§ **WHAT YOU ARE ASKED TO DO**: Copy the lines below word for word, skipping any image.

──────── PROVIDED DATA

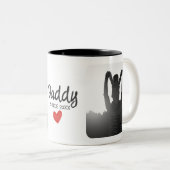 Papa, eerste vaders dag, eerste gelukkige vader tweekleurige koffiemok (Voorkant rechts)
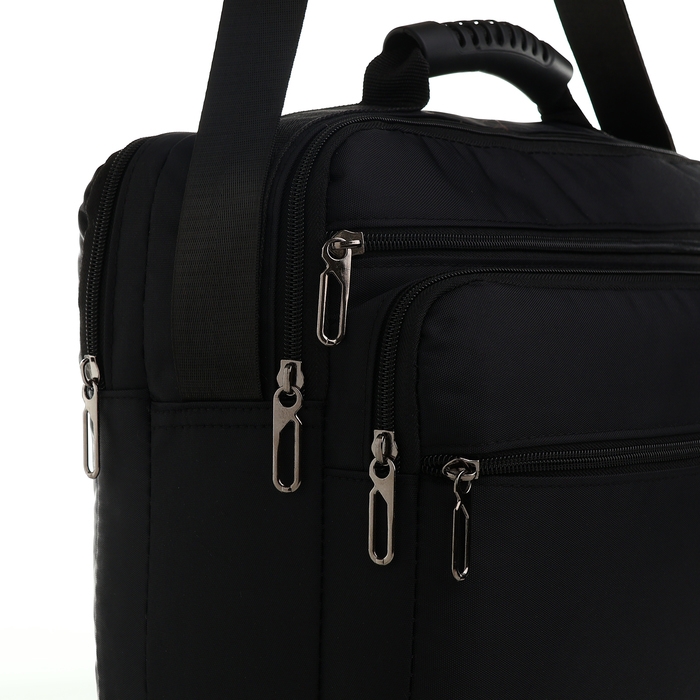 Сумка деловая на молнии, 3 наружных кармана, цвет чёрный Сумка деловая на молнии, 3 наружных кармана, цвет чёрный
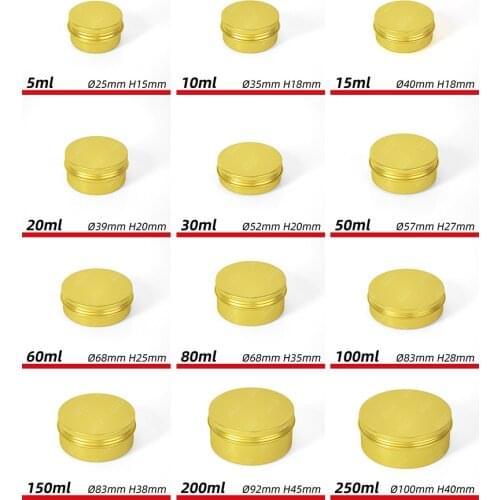 50pcS/lot 10ML-250ml golden Aluminium jars Multi-specification gold aluminum box bright gold Aluminium cans with round thread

────────────────

§ **RESPONSE**:
 Papa, eerste vaders dag, eerste gelukkige vader tweekleurige koffiemok (Voorkant rechts)
 Сумка деловая на молнии, 3 наружных кармана, цвет чёрный Сумка деловая на молнии, 3 наружных кармана, цвет чёрный
 50pcS/lot 10ML-250ml golden Aluminium jars Multi-specification gold aluminum box bright gold Aluminium cans with round thread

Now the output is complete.